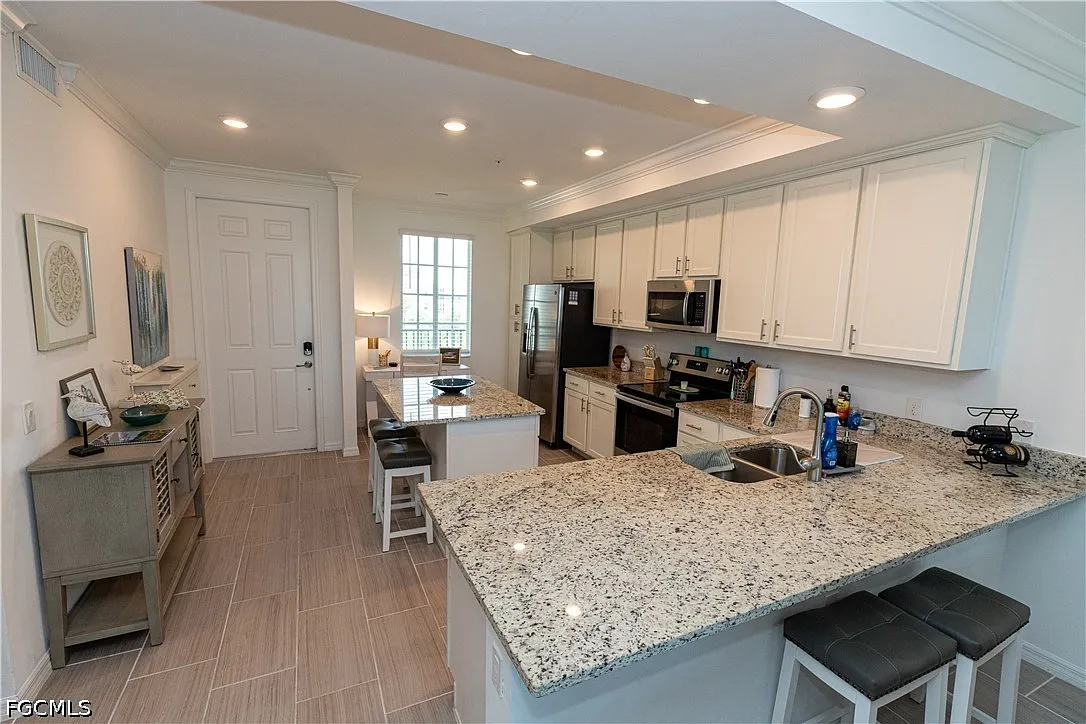 2 bed, 2.0 bath, 1120 sqft, $4,500 — Photo 3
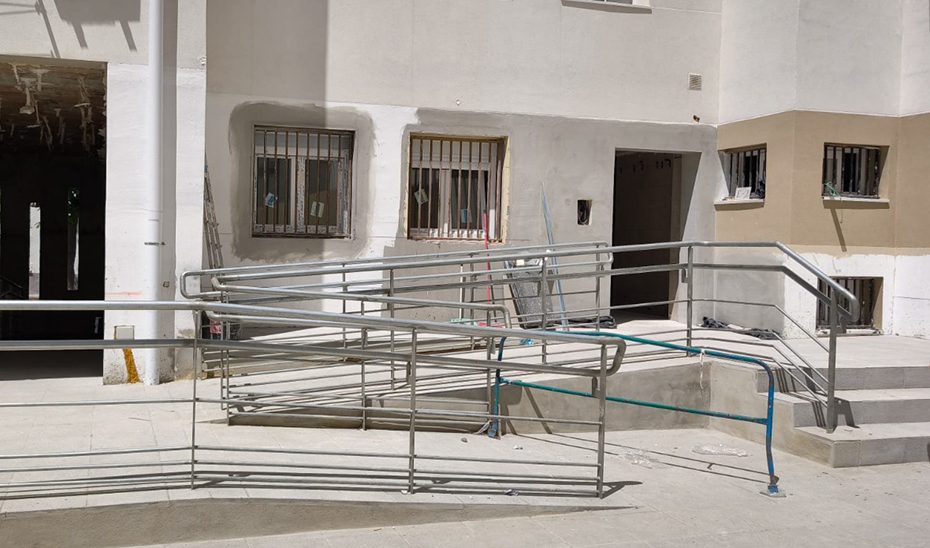 La Junta ultima la rehabilitación de 106 viviendas públicas en alquiler en la calle Alegría de Cádiz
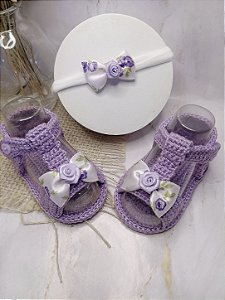 Kit Sandália Baby de Crochê Florescer + Tiara de Cabelo – 100% Algodão (Lilás)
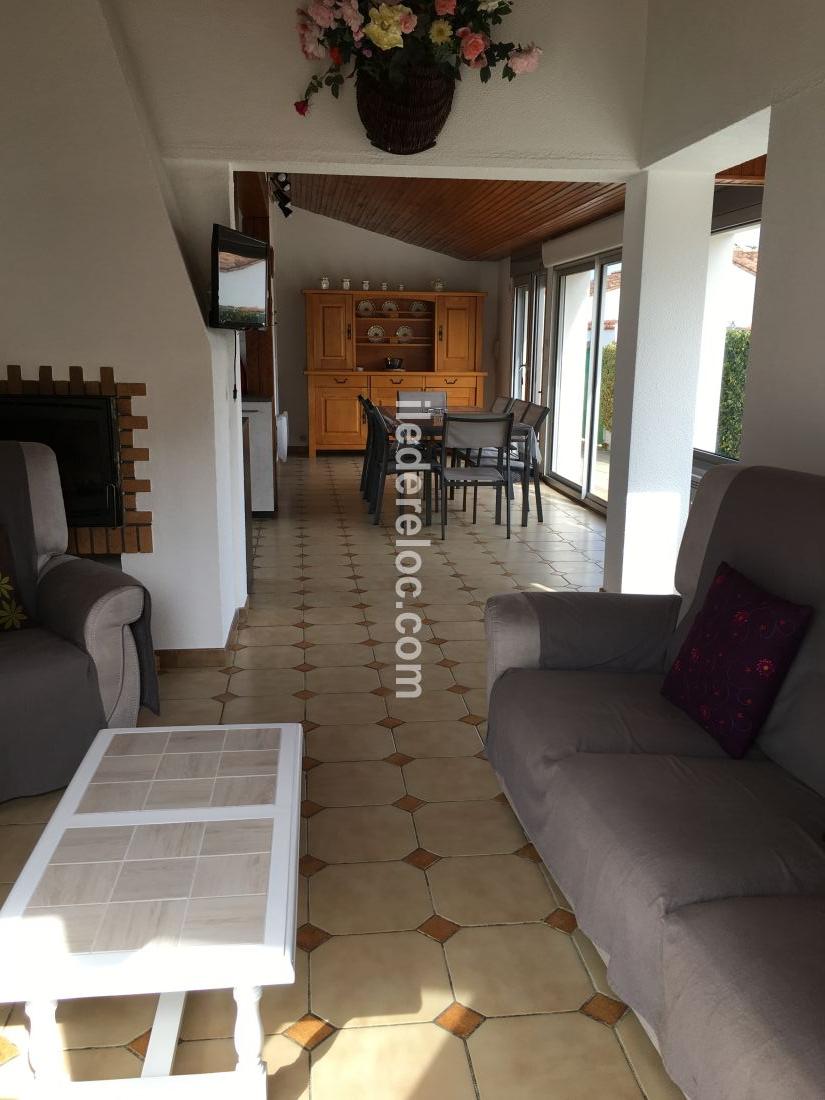 Photo 8: An accomodation located in La Flotte-en-R&eacute; on ile de R&eacute;.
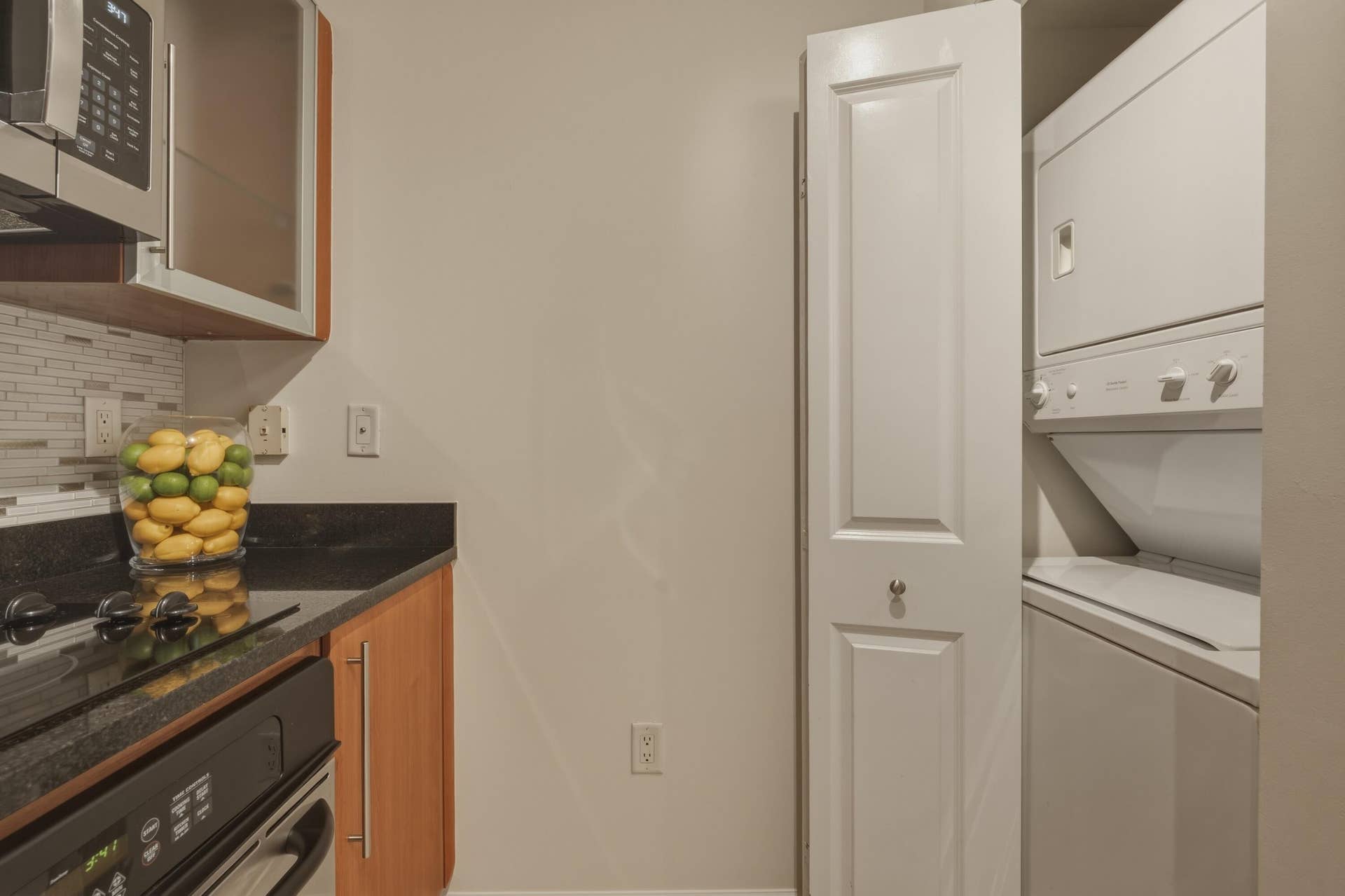 Kitchen & Laundry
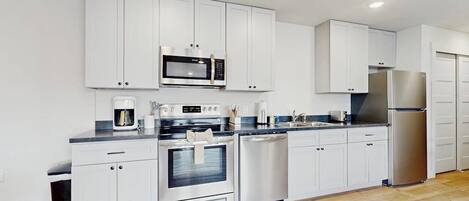 Frigorífico, microondas, horno y placa de cocina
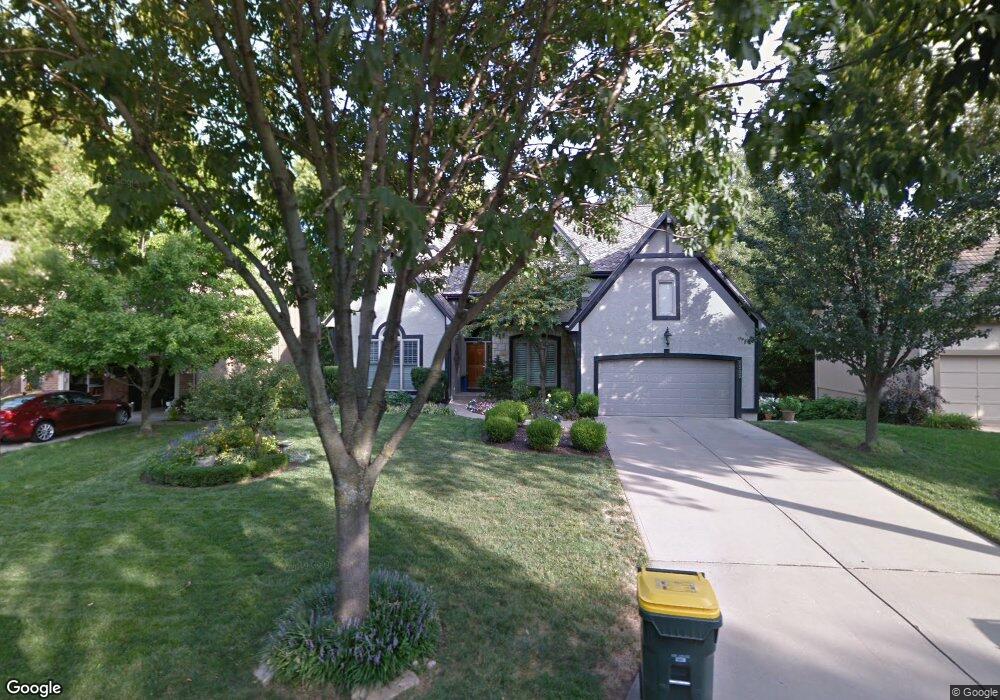 8503 Hallet St, Lenexa, KS 66215 - photo 1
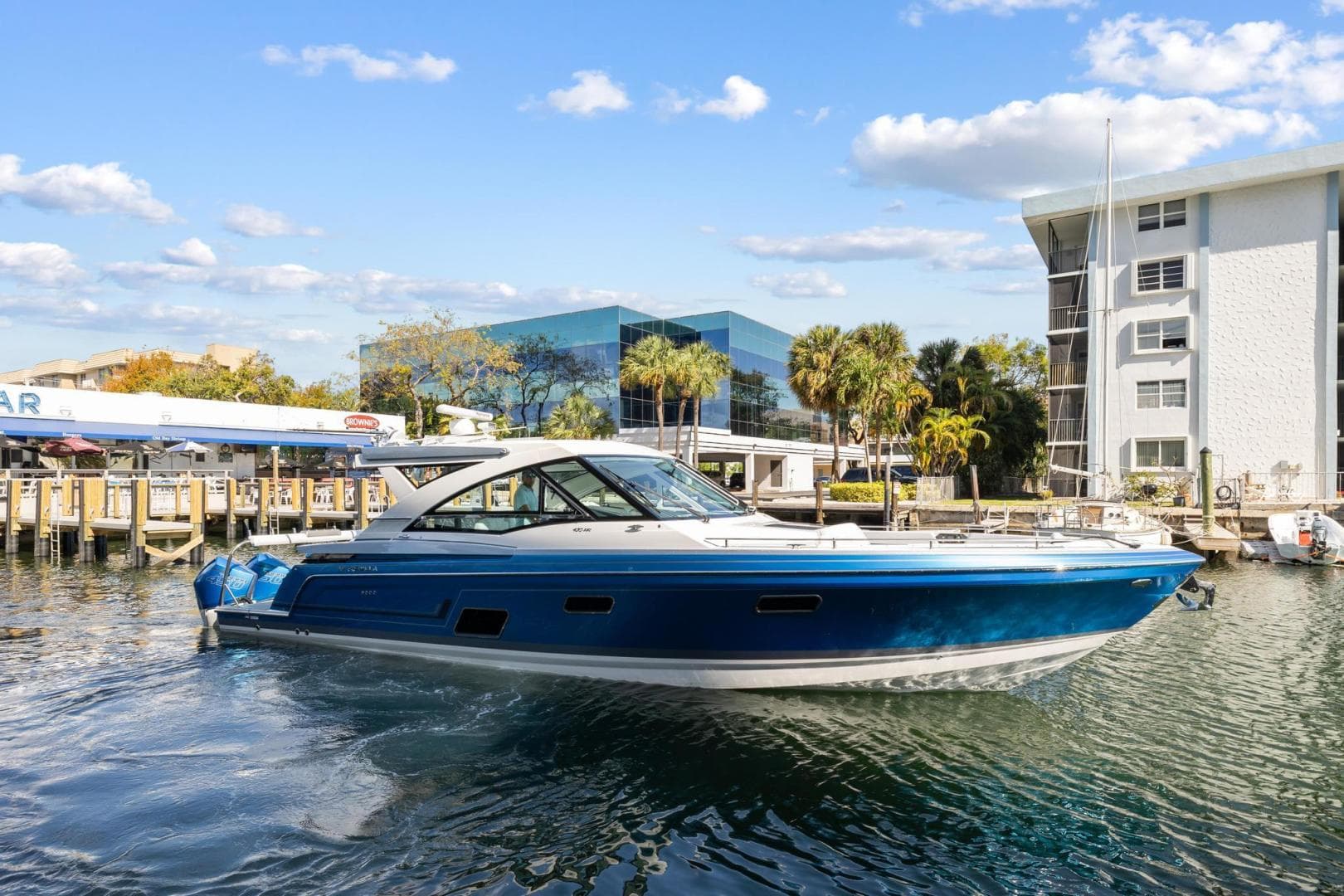 2023 Formula 430 Super Sport Crossover — photo 5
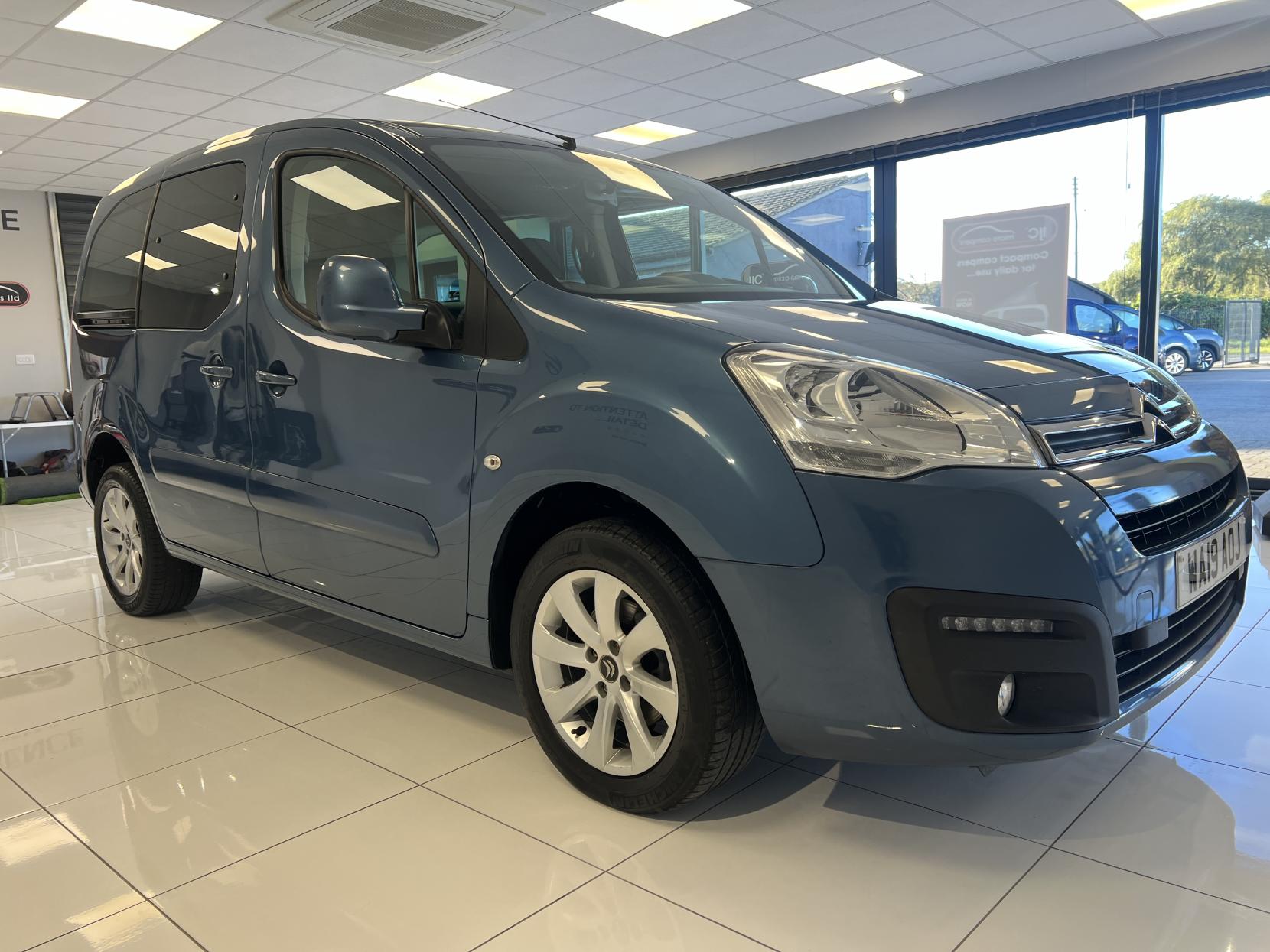 Citroen Berlingo 2019 Wheelchair Adapted Vehicle with Winch 3 seats carries 4 in total - 1.6 BlueHDi Feel Multispace MPV 5dr Diesel Manual Euro 6 (100 ps)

^^^^^^^^^^^^^^^^

## [Requirement]
Output the entries above exactly. Drop the pictures.

## [Answer]
 2 bed, 2.0 bath, 1120 sqft, $4,500 — Photo 3
 La Junta ultima la rehabilitación de 106 viviendas públicas en alquiler en la calle Alegría de Cádiz
 Kit Sandália Baby de Crochê Florescer + Tiara de Cabelo – 100% Algodão (Lilás)
 Photo 8: An accomodation located in La Flotte-en-R&eacute; on ile de R&eacute;.
 Kitchen & Laundry
 Frigorífico, microondas, horno y placa de cocina
 8503 Hallet St, Lenexa, KS 66215 - photo 1
 2023 Formula 430 Super Sport Crossover — photo 5
 Citroen Berlingo 2019 Wheelchair Adapted Vehicle with Winch 3 seats carries 4 in total - 1.6 BlueHDi Feel Multispace MPV 5dr Diesel Manual Euro 6 (100 ps)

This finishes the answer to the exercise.